La legge del mercato

L’intento è palese fin dall’inizio del primo episodio. Lo showrunner Eric Kripke, coadiuvato dai produttori Seth Rogen e Evan Goldberg, vede in The Boys un’opportunità per guardare con occhio critico all’industria culturale, pur all’interno di un contesto – Amazon – che fa parte di quel medesimo “sistema”. Ne risulta la satira di un mondo che trasforma i supereroi in brand cross-mediali, rendendoli protagonisti di saghe cinematografiche infinite, spot pubblicitari e innumerevoli oggetti di merchandising, mentre il cinismo delle manovre commerciali si cela dietro un sorriso public-friendly.

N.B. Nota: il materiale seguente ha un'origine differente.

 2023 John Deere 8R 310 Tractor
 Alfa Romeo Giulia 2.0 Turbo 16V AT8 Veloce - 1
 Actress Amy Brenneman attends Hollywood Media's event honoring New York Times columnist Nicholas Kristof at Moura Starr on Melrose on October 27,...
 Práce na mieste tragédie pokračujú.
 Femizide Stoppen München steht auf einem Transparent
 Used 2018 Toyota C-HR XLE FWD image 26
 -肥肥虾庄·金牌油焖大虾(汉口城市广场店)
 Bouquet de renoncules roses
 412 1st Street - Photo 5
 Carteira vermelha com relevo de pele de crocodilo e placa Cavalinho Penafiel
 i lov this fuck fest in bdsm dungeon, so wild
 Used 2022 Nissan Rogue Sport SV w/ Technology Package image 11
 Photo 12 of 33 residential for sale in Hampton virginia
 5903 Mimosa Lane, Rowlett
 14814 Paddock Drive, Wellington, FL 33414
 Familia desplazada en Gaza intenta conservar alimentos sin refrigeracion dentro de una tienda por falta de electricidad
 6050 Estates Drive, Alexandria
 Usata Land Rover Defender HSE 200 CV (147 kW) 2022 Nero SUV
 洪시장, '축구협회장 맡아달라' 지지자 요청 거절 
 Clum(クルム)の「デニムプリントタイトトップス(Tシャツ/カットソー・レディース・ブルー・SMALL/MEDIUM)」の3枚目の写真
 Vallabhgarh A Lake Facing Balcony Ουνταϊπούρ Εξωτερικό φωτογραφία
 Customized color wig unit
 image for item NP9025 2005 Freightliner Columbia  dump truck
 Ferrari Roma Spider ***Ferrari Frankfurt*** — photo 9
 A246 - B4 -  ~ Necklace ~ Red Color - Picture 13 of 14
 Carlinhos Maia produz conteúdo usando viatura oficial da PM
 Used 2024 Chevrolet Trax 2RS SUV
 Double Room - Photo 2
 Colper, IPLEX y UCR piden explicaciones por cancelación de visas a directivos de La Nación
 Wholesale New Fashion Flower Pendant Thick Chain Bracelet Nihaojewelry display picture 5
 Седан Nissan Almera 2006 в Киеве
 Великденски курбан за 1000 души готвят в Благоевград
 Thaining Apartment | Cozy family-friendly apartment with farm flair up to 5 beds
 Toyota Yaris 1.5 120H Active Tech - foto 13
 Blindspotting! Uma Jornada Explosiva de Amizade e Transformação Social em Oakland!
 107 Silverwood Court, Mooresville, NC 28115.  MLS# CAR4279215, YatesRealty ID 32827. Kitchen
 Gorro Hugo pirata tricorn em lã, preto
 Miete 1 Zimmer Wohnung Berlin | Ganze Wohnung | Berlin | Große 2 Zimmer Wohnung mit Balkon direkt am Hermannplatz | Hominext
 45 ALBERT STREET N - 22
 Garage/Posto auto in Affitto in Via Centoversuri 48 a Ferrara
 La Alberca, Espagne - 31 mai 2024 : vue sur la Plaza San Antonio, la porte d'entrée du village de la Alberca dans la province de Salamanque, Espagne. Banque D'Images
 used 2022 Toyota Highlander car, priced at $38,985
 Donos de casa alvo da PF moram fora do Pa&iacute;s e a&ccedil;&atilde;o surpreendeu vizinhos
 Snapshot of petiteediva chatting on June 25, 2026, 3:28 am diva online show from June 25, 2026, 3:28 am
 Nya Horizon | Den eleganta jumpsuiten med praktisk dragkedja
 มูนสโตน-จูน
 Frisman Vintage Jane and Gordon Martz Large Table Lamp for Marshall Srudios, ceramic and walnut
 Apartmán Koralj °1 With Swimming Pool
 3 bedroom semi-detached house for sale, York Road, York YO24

Nella logica spietata di The Boys, l’ambiente supereroistico funziona come ogni altra dimensione lavorativa, avvicinandosi soprattutto allo showbiz: è maschilista e disumanizzante, retto soltanto dai meccanismi del profitto e dall’ossessione per l’immagine pubblica. Un’audizione per i Sette non è diversa da un provino per American Idol, e la reazione di Starlight è la stessa di qualunque aspirante popstar. Persino i compromessi necessari ad arrivare in cima – e i laidi ricatti sessuali imposti dal potere – sono uguali. In tal senso, The Boys è demistificante perché ribalta la spontaneità e la naturalezza che dovrebbero essere implicite nelle azioni supereroistiche: i Sette agiscono secondo un programma stabilito dalla Vought, e sempre con i social media manager pronti a testimoniarne le imprese. Non c’è alcuna etica del sacrificio, nessuna dimostrazione di altruismo; solo una messinscena.

In effetti, l’esistenza dei supereroi amplifica il classismo della società americana, già evidente nella disparità economica tra i diversi “ceti” (per non parlare dell’aura inavvicinabile che circonda le celebrità). I supereroi portano questo discorso a un livello estremo, poiché non solo possono contare sui privilegi della fama, ma vantano anche caratteristiche fisiche superiori rispetto all’uomo medio: il loro ego ne esce quindi rafforzato, come si evince da un emblematico discorso di Translucent, quando paragona le persone comuni a innocui «palloncini di carne e sangue». Di fronte a simili ingiustizie, la brutalità di Billy Butcher riassume in sé tutta la frustrazione degli “ultimi”, un desiderio di riscatto che contagia facilmente anche Hughie.

Risate e sangue

L’approccio è ovviamente grottesco e paradossale, anche se l’impressione – basandosi sui primi due episodi – è che la serie viaggi col freno amano leggermente più tirato rispetto al fumetto. Manca anche qualche guizzo in sede di montaggio e regia, nonostante Dan Trachtenberg (lo stesso di 10 Cloverfield Lane) confezioni la premiere con indubbia professionalità, valorizzando i momenti più spettacolari pur senza un budget da blockbuster.

L’esito, nel complesso, è bizzarro e divertente, con un gusto parossistico – splatter compreso – che attinge direttamente dagli albi di Ennis e Robertson. Le prime due puntate non mostrano ancora i Boys al completo – oltre a Billy e Hughie, c’è solo il Francese (Tomer Capon) – ma riescono comunque a mettere in luce le dinamiche dello show, dove l’ingegno e la temerità possono tener testa ai superpoteri. Il carisma di Karl Urban e l’inquietante bravura di Antony Starr fanno il resto, confermando il potenziale d’intrattenimento della serie.

Nel panorama sempre più affollato di show supereroistici, The Boys può sicuramente offrire un’alternativa insolita e surreale.